- IATA: none; ICAO: OS61;

Summary
- Airport type: Military
- Owner: Syrian Armed Forces
- Operator: Syrian Air Force
- Location: Al-Dumayr, Rif Dimashq Governorate
- In use: Unknown–present
- Coordinates: 33°36′35″N 36°44′56″E﻿ / ﻿33.60972°N 36.74889°E

Map
- Al-Dumayr Air Base Location in Syria

Runways
| Direction | Length |  | Surface |
| ft | m |
| 00/00 | 10,335 | 3,150 | Concrete |
| 00/00 | 7,756 | 2,364 | Grass |

= Al-Dumayr Air Base =

Al-Dumayr Air Base (مطار الضمير العسكري) is a Syrian Air Force installation located 40 kilometers north-east of Damascus, Syria.

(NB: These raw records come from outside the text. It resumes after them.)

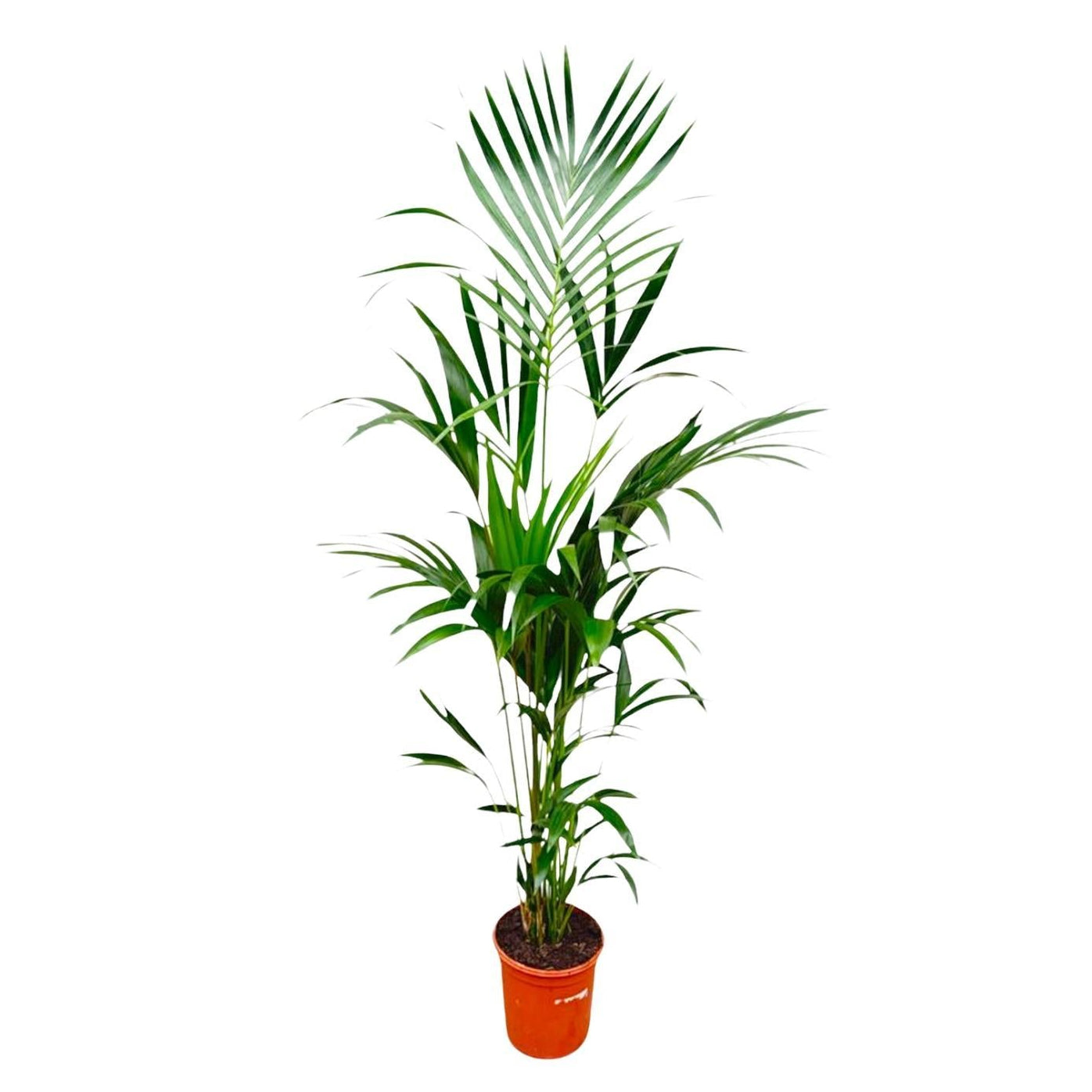 Howea Forsteriana | ↕180 cm - Ø24 cm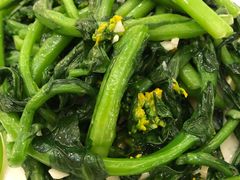 -卡尔顿东方银龙酒店•广西菜•早茶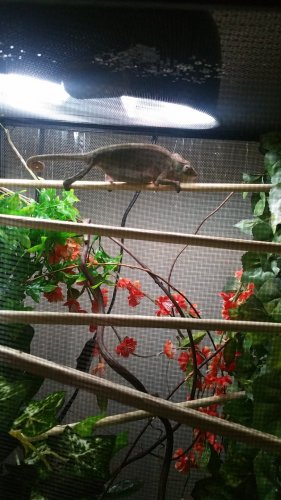 20160704_121231.jpg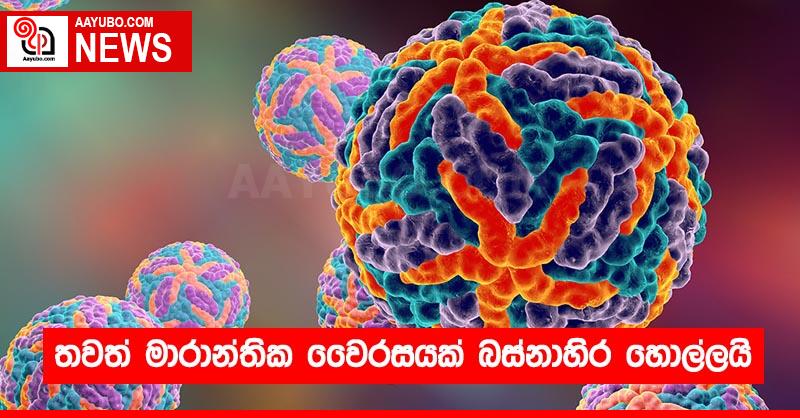 තවත් මාරාන්තික වෛරසයක් බස්නාහිර හොල්ලයි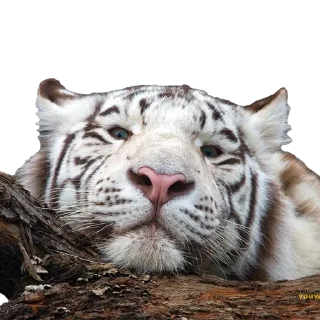 😕 emoji Tigers yiff stickers Telegram sticker 22 of 24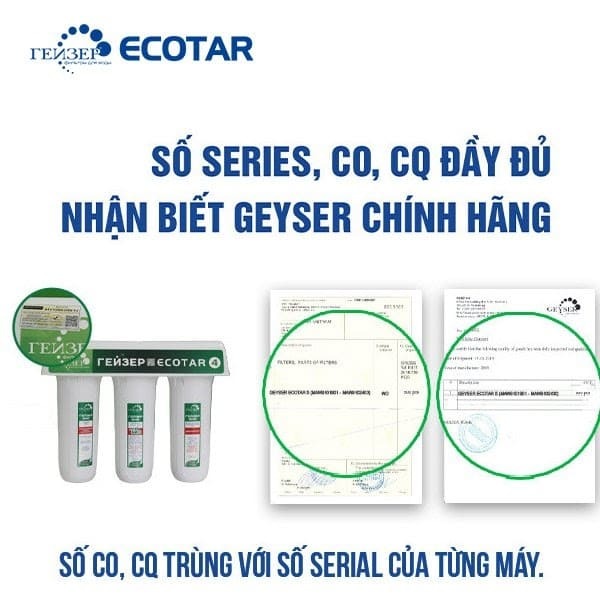 Chứng nhận CO, CQ/ sản phẩm xác thực nguồn gốc xuất xứ Geyser Ecotar 4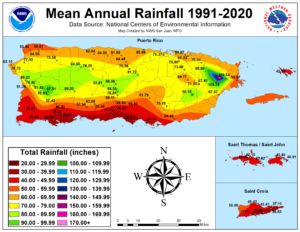 Most people assume Puerto Rico is a tropical paradise all around, but really, the island possesses regional biomes such as subtropical rainforest, tropical rainforest subtropical dry forest, dry forest, arid desert, and tropical savannah.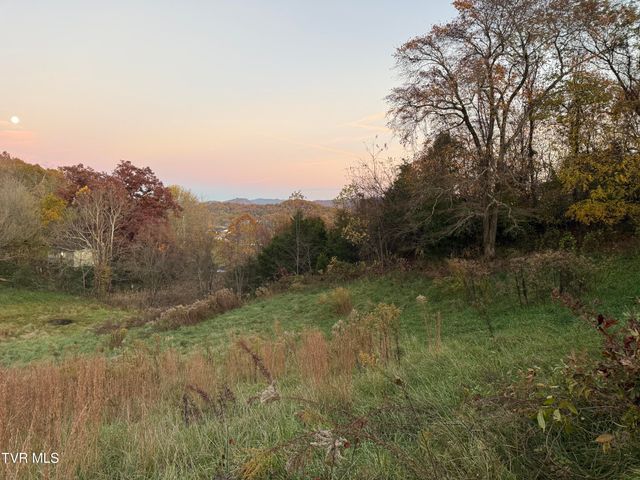 121 Clark Drive, Johnson City, TN 37601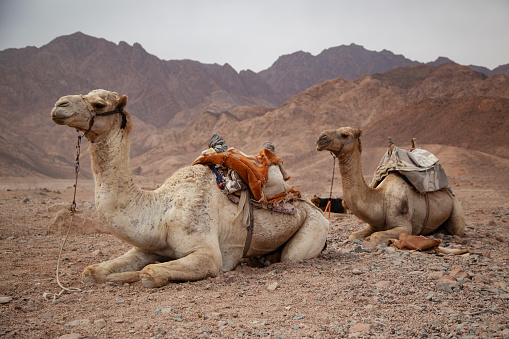 Camels in the middle of the desert and mountains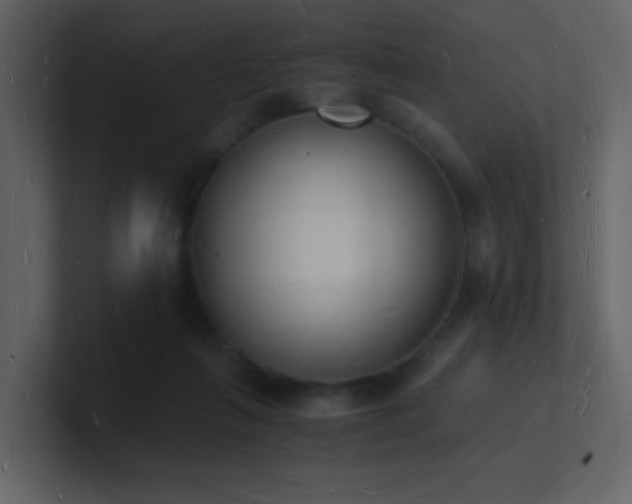 X0000101670263200807101406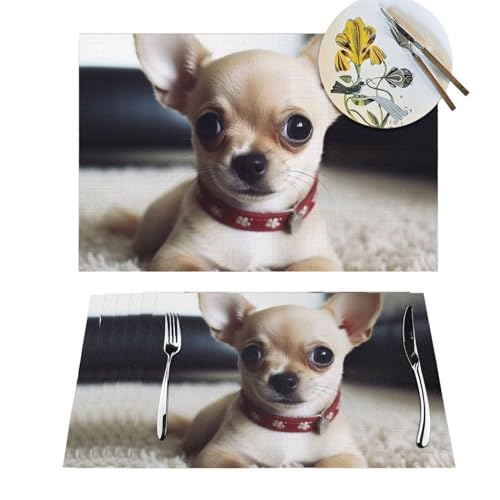 Gewebte Platzsets, hitzebeständig, niedlicher Chihuahua, 1 Stück, waschbar, Tischmatten für Esstisch, Platzmatte für Küche, Picknick, Party Gewebte Platzsets, hitzebeständig, niedlicher Chihuahua, 1 Stück, waschbar, Tischmatten für Esstisch, Platzmatte für Küche, Picknick, Party von KHiry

The airbase was used extensively by the Syrian Arab Air Forces and Iranian Armed Forces during the Syrian Civil War.

== History ==
The base was used to support the army campaign on Eastern Ghouta. On 22 February 2018, Jaysh al-Islam bombed the airbase in an effort to weaken Syrian attacks on the rebel held enclave.

On 21 June 2022, four Syrian soldiers were killed near the airbase following an ambush by Islamic State fighters.

During the fall of Damascus, Burkan al-Furat seized the base from the Ba'athist regime.